Без двойников - страница 19
Свечи в ночи, молчание, тёмных теней качание, долгое вновь прощание, ветер, уменье ждать.
Встреча в пути нежданная, осень, пора туманная, верность, весна желанная, гордость и благодать.
Стан – это круг живой.
Сад с золотой листвой.
Стан: драгоценный сон.
Стан. Или, может, – стон?
Стан: отрицанье стен.
Стень. Или – кровь из вен.
Стан. И над ним – звезда.
Творческая среда.
Никогда не был я перебежчиком, никогда не пытался подладиться к чему-нибудь, чуждому мне, противному, неприятному, отвратительному, ненужному, ради мнимых каких-то выгод и дешёвых базарных льгот, в общей стадности, групповщине, по какой-нибудь там причине пребывать, от кого-то зависеть, изловчиться, как-то подстроиться – к чему и кому? зачем?
Одиночество – мне по нраву.
Я имею на это право.
В этом – доблесть моя. И слава.
Путь в грядущее. Насовсем.
Был всегда я сам по себе.
И за всё – спасибо судьбе.
Потому что она – моя.
Вместе с клеймами жития.
Образ времени. Голос.
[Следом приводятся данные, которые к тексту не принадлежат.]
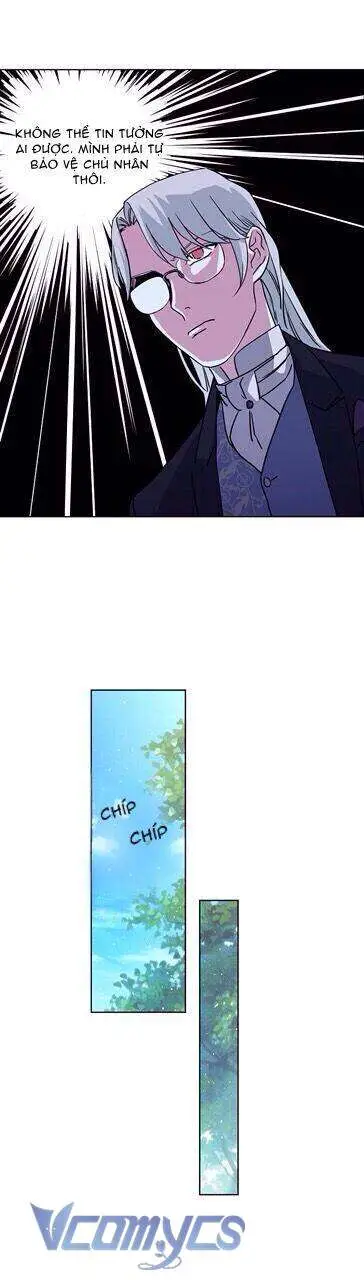 CHITRA - Chap 71 Ảnh 8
Речь.
Всё, что с детства сумел сберечь.
Всё, что создал – во мгле земной.
И поэтому Бог – со мной.
Литературоведам и нынешним искусствоведам, людям, с большим запозданием идущим за нами следом, всяким, и потолковее, и по верхам глядящим, чающим пустословия, с умничаньем скользящим, амбициозным часто, вот, мол, они зубасты, многого просто не знающим, что-нибудь вечно хающим, что-нибудь возвышающим, что-то за всех решающим, удобно сбивать нас в стаи, в какие-то группы, течения, вроде организаций общественных, с канцелярским, компьютерным и чернильным неистребимым душком, – так им проще намного, привычнее, так спокойнее, по традиции, устаревшей давно, замшелой, только нет им до этого дела, только что им чей-нибудь смелый взгляд на вещи, им недосуг разбираться во всём, что было, что дышало в полную силу, что наполнило кровью жилы, чьею новью светло вокруг, так, на всякий случай, надёжнее, так удобнее, прежде всего.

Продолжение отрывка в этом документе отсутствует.